The second season of the reimagined science fiction television series Battlestar Galactica premiered on the Sci-Fi Channel in the United States on July 15, 2005, and concluded on March 10, 2006. The season was split into two parts, each containing 10 episodes. "Season 2.0" aired from July to September 2005, and "Season 2.5" aired from January to March 2006.

Cast and characters

Main cast
 Edward James Olmos as William Adama
 Mary McDonnell as Laura Roslin
 Katee Sackhoff as Kara "Starbuck" Thrace
 Jamie Bamber as Lee "Apollo" Adama
 James Callis as Gaius Baltar
 Tricia Helfer as Number Six
 Grace Park as Sharon "Boomer" Valerii (Number Eight)
 Michael Hogan as Saul Tigh
 Aaron Douglas as Galen Tyrol
 Tahmoh Penikett as Karl "Helo" Agathon
 Nicki Clyne as Cally Henderson
 Kandyse McClure as Anastasia Dualla
 Paul Campbell as Billy Keikeya
 Alessandro Juliani as Felix Gaeta

Recurring cast
 Sam Witwer as Alex "Crashdown" Quartararo
 Donnelly Rhodes as Sherman Cottle
 Rekha Sharma as Tory Foster
 Callum Keith Rennie as Leoben Conoy (Number Two)
 Lucy Lawless as D'Anna Biers (Number Three)
 Matthew Bennett as Aaron Doral (Number Five)
 Dean Stockwell as John Cavil (Number One)
 Rick Worthy as Simon (Number Four)
 Richard Hatch as Tom Zarek
 Kate Vernon as Ellen Tigh
 Lorena Gale as Elosha
 Michael Trucco as Samuel Anders
 Michelle Forbes as Helena Cain
 Graham Beckel as Jack Fisk
 Leah Cairns as Margaret "Racetrack" Edmondson
 Bodie Olmos as Brendan "Hot Dog" Costanza
 Luciana Carro as Louanne "Kat" Katraine
 Alonso Oyarzun as Socinus
 Jennifer Halley as Diana "Hardball" Seelix

Episodes

Production and reception
Following the success of the 13-episode first season, the Sci-Fi Channel ordered a 20-episode second season on February 23, 2005. The season premiered in the United States on the Sci-Fi Channel on July 15, 2005, with the UK, Ireland, and Canadian premiere in January 2006. In fall 2005, airing of the second season halted, as it was part of Sci-Fi Channel's standard airing schedule normally used for its Stargate series, which was to split a 20-episode season into two parts (a "winter season" and a "summer season") to avoid heavy competition with major networks that follow a spring/fall schedule. Universal Home Video took this break as an opportunity to package the episodes aired thus far into a DVD set, calling it "Season 2.0". The final episode of the first half, "Pegasus", was originally 15 minutes too long for broadcast, but according to creator Ronald Moore, the production team decided to cut the episode to time rather than pad it out to fill 90 minutes, as this was deemed impractical. The longer version of "Pegasus" appears on the Battlestar Galactica Season 2.5 DVD set, which was released in the U.S. on September 19, 2006. Sky did not contribute financially to the second season, though UK broadcasts credit the company at the end of every episode.

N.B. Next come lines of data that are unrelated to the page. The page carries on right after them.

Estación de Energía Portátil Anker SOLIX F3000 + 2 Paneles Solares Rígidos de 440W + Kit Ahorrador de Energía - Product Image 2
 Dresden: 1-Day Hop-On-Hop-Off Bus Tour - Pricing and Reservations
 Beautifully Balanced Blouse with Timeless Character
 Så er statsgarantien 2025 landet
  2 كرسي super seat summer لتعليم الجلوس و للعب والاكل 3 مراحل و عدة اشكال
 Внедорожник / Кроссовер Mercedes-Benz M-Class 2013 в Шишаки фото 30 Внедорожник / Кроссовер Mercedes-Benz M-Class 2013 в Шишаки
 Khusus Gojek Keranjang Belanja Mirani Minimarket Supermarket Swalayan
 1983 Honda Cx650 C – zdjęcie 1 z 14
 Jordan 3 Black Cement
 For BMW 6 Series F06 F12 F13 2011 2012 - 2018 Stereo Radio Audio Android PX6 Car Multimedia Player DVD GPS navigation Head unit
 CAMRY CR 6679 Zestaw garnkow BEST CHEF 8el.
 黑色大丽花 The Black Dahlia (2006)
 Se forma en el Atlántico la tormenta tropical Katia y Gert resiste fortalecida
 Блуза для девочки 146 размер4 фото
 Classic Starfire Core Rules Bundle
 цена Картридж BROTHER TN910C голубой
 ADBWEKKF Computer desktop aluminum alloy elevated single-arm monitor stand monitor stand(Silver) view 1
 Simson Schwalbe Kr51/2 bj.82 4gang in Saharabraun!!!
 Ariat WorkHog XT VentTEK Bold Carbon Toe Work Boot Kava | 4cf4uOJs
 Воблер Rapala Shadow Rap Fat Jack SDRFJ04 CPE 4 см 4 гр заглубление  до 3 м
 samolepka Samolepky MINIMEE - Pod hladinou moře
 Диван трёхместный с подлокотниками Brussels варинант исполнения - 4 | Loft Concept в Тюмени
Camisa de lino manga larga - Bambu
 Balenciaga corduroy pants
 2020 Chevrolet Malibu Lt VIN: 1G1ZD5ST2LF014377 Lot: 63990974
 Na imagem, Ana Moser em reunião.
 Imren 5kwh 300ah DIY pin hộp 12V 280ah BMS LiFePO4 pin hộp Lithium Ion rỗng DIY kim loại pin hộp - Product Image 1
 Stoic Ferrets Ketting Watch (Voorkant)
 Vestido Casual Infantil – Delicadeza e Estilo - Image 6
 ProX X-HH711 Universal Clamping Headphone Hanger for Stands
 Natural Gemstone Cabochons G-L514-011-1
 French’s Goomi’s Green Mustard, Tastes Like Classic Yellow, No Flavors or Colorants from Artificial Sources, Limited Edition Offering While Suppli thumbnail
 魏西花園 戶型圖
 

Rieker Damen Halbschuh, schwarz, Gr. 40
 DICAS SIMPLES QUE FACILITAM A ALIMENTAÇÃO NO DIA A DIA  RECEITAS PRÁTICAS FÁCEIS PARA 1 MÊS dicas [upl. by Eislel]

The second half of season two ("Season 2.5") began airing on January 6, 2006, after a three-month hiatus, during which the Sci-Fi Channel mounted a huge publicity effort. Battlestar Galactica picked up considerable critical acclaim from the mainstream press, including being named the #1 show of 2005 by Time magazine, and being listed on numerous top ten lists of both 2005 and 2006 by publications such as the Chicago Tribune, Entertainment Weekly, Newsday and TV Guide. The American Film Institute also named it one of the ten best television shows of 2005. There was some criticism that a few episodes following "Resurrection Ship, Part 2" were not up to par with previous episodes, such as the episode "Black Market", for which even Ron Moore expressed some disdain. Moore stated in his blog that he felt this was a result of the larger workload the series faced with twenty episodes, instead of thirteen in season one. However, episode 15, "Scar", was thought to bring the series back up to its high level of quality, and subsequent episodes "The Captain's Hand", "Downloaded", and the two part finale "Lay Down Your Burdens", were hailed by fans and critics alike. Moore expressed that the longer break between seasons two and three (seven months instead of two) would help to ensure that all episodes were up to the high level of quality that the production team strove to maintain.

Reception

Critical response
On Rotten Tomatoes, the season has an approval rating of 100% with an average score of 9.5 out of 10 based on 12 reviews. The website's critical consensus reads, "In its second season, Battlestar Galatica doubles down on the series' high-minded themes and satisfyingly complex storylines."

Awards
Wins
 2005 Saturn Award for Best Syndicated/Cable Television Series
 2005 Saturn Award for Best Supporting Actor on Television – James Callis
 2005 Saturn Award for Best Supporting Actress on Television – Katee Sackhoff
 2006 Scream Award for Best Television Show
 2006 Spacey Awards for Best Television Show
 2005 Visual Effects Society Award for Outstanding Animated Character in a Live Action Broadcast Program, Commercial, or Music Video (Cylon Centurion in "Fragged")

Nominations
 2006 ALMA Award for Outstanding Actor in a Television Series – Edward James Olmos
 2006 Emmy Award for Outstanding Special Visual Effects for a Series ("Resurrection Ship, Part 2")
 2006 Emmy Award for Outstanding Costumes for a Series ("Lay Down Your Burdens, Part 2")
 2006 Emmy Award for Outstanding Single-Camera Sound Mixing for a Series ("Scattered")
 2006 Hugo Award for Best Dramatic Presentation, Short Form ("Pegasus")
 2005 Saturn Award for Best Supporting Actor on Television – Jamie Bamber
 2005 Saturn Award for Best Television Release on DVD (Season 2.0)
 2005 Visual Effects Society Award for Outstanding Animated Character in a Live Action Broadcast Program, Commercial, or Music Video (Cylon in "Valley of Darkness")

Home video releases
Season 2.0 and 2.5 were released on DVD in region 1 on December 20, 2005, and September 19, 2006, respectively. The complete second season was released on Blu-ray Disc in region 1 on April 6, 2010. The complete second season was released on DVD in region 2 on August 28, 2006 and in region 4 on April 4, 2007.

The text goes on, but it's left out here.